Segment Start: SOURCE DATA

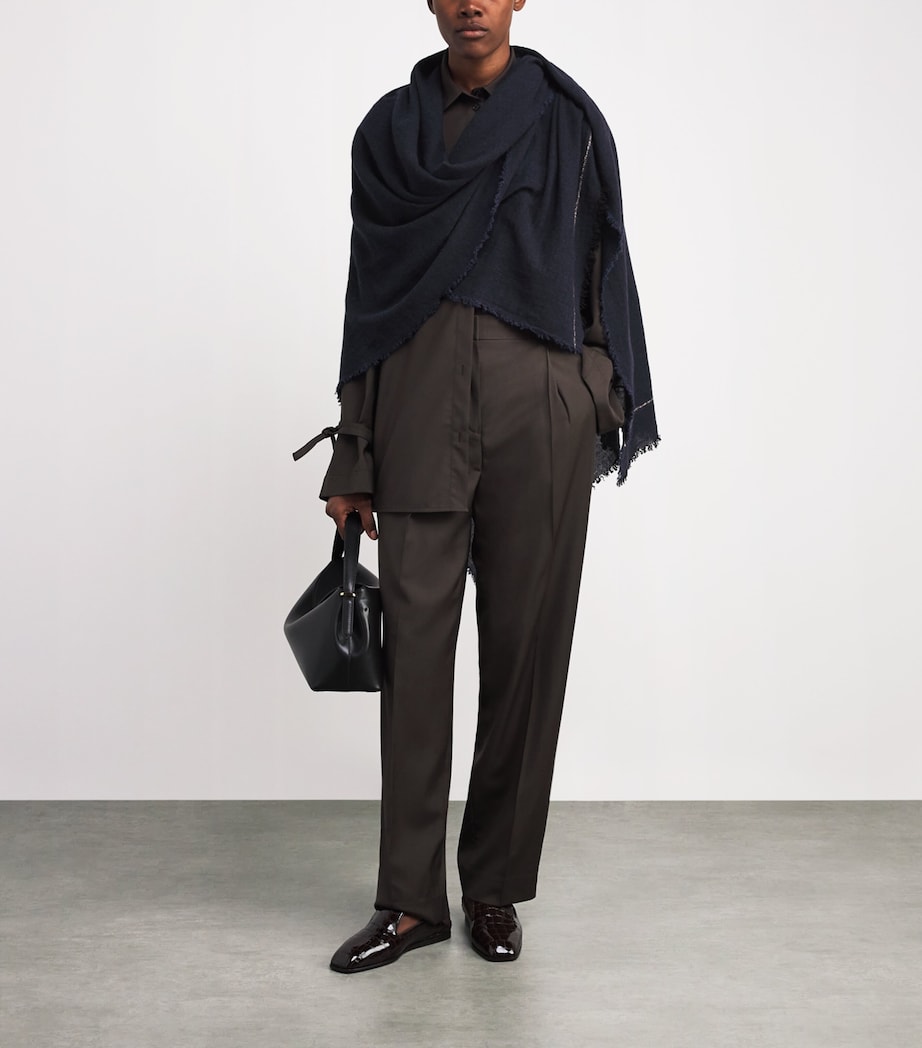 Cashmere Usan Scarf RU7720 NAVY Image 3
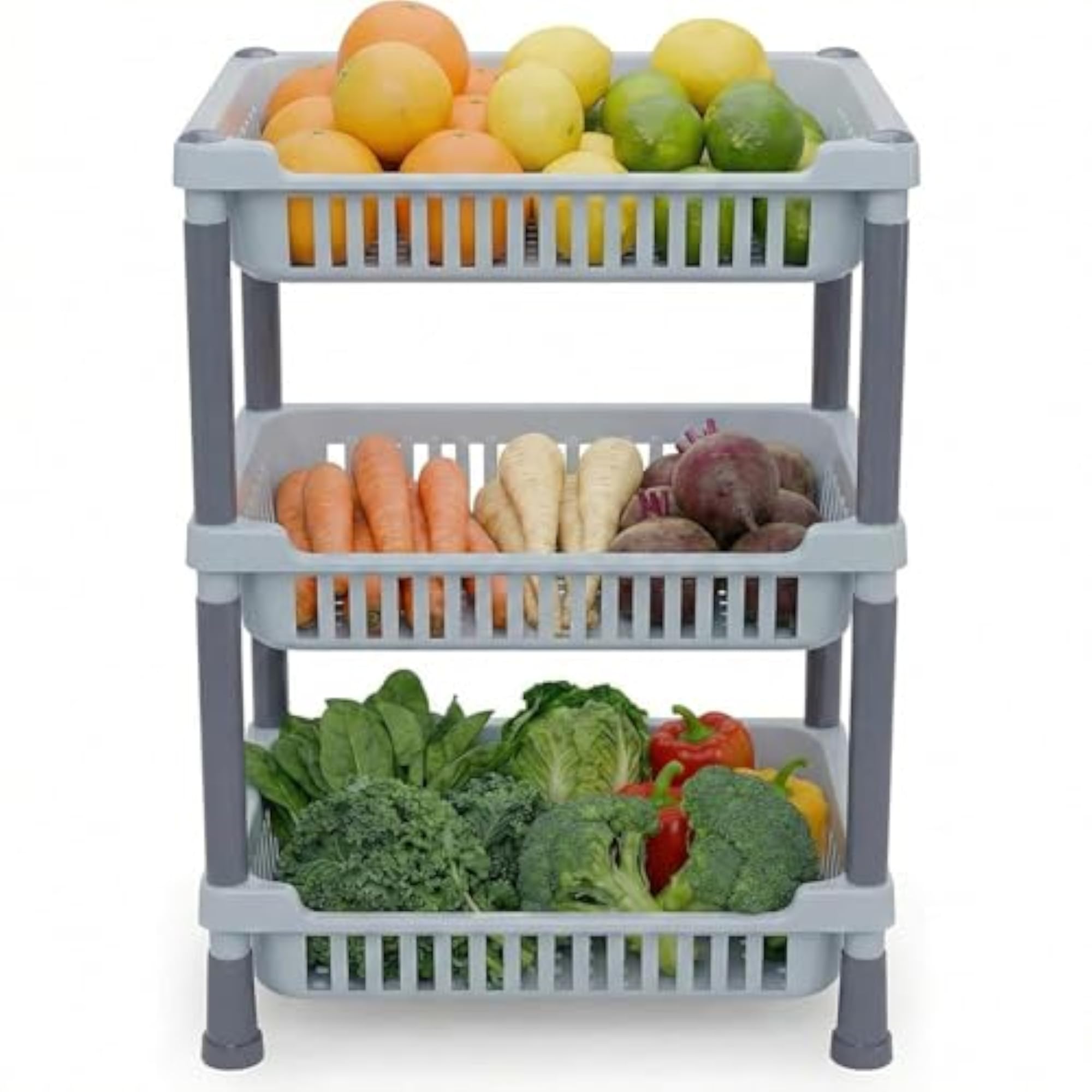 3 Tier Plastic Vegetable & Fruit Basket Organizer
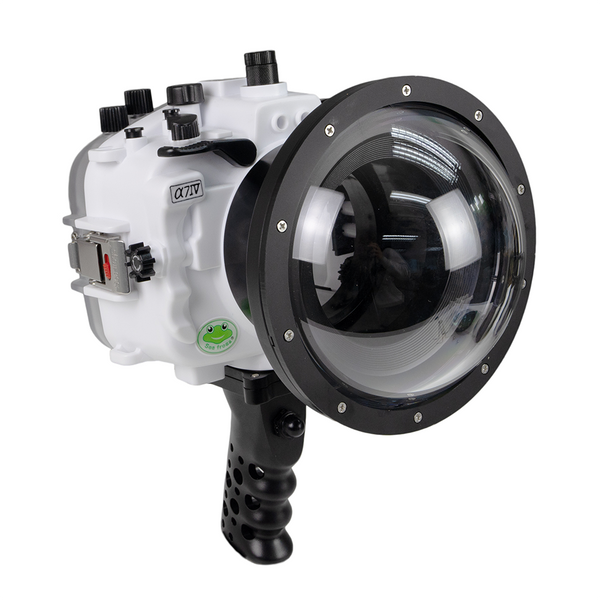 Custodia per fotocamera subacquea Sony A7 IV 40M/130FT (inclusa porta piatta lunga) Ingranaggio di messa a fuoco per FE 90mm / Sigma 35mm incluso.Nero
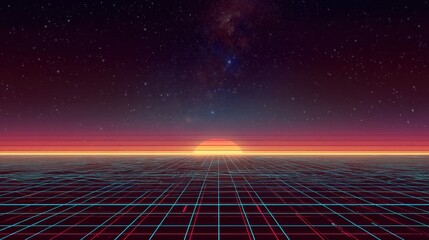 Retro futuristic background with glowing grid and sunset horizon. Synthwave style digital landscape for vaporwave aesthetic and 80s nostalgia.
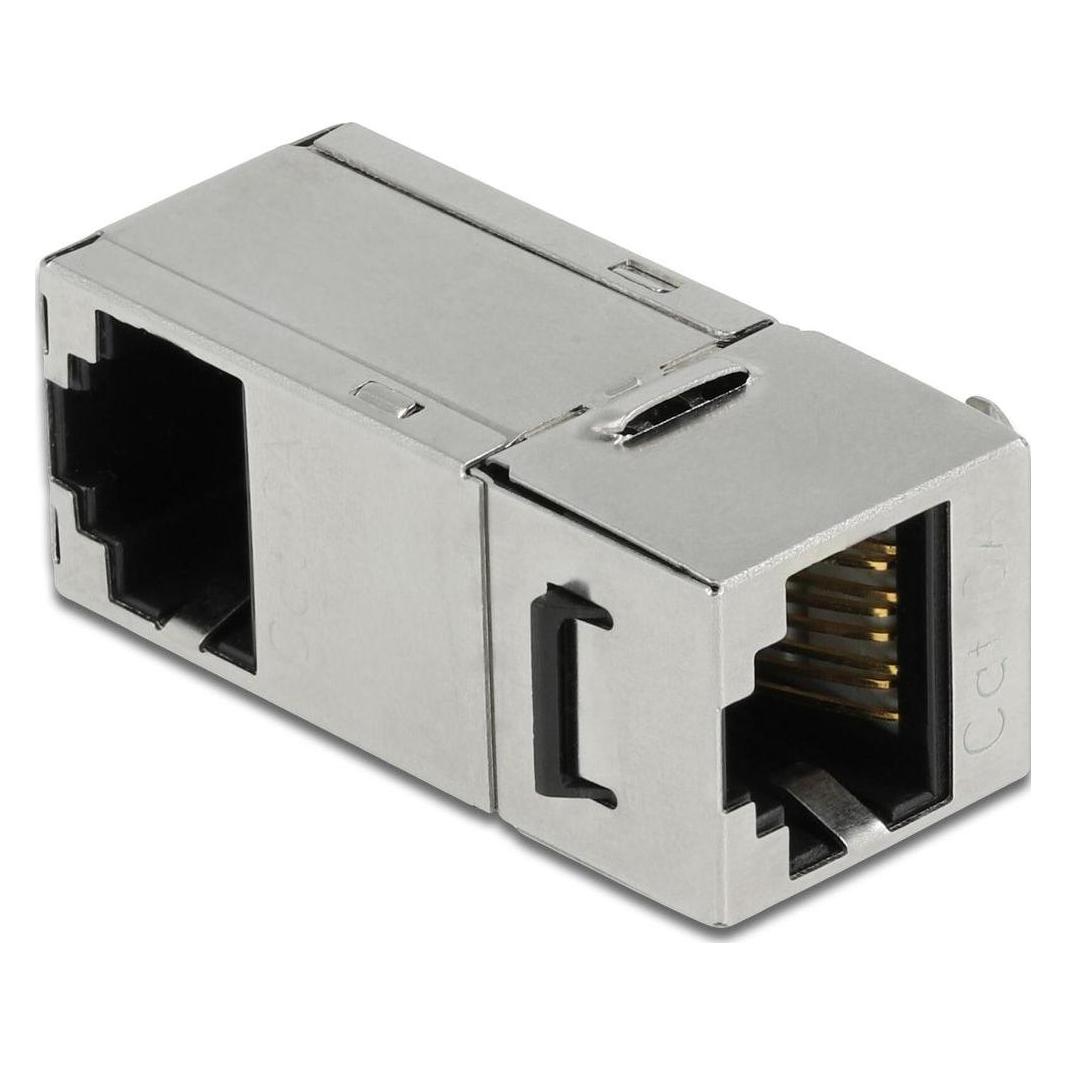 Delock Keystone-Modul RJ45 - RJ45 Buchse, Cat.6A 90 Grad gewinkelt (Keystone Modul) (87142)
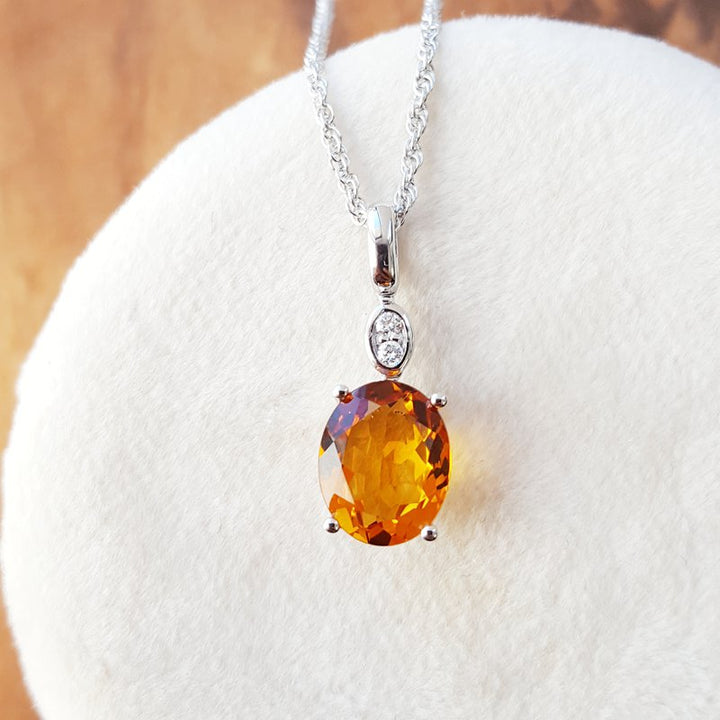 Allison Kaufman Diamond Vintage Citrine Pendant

Segment End: SOURCE DATA

TASK PROMPT:
Pictures stay out of the copy, while everything else in the records above goes in exactly as written.

ANSWER TO THIS PROBLEM:
 Cashmere Usan Scarf RU7720 NAVY Image 3
 3 Tier Plastic Vegetable & Fruit Basket Organizer
 Custodia per fotocamera subacquea Sony A7 IV 40M/130FT (inclusa porta piatta lunga) Ingranaggio di messa a fuoco per FE 90mm / Sigma 35mm incluso.Nero
 Retro futuristic background with glowing grid and sunset horizon. Synthwave style digital landscape for vaporwave aesthetic and 80s nostalgia.
 Delock Keystone-Modul RJ45 - RJ45 Buchse, Cat.6A 90 Grad gewinkelt (Keystone Modul) (87142)
 Allison Kaufman Diamond Vintage Citrine Pendant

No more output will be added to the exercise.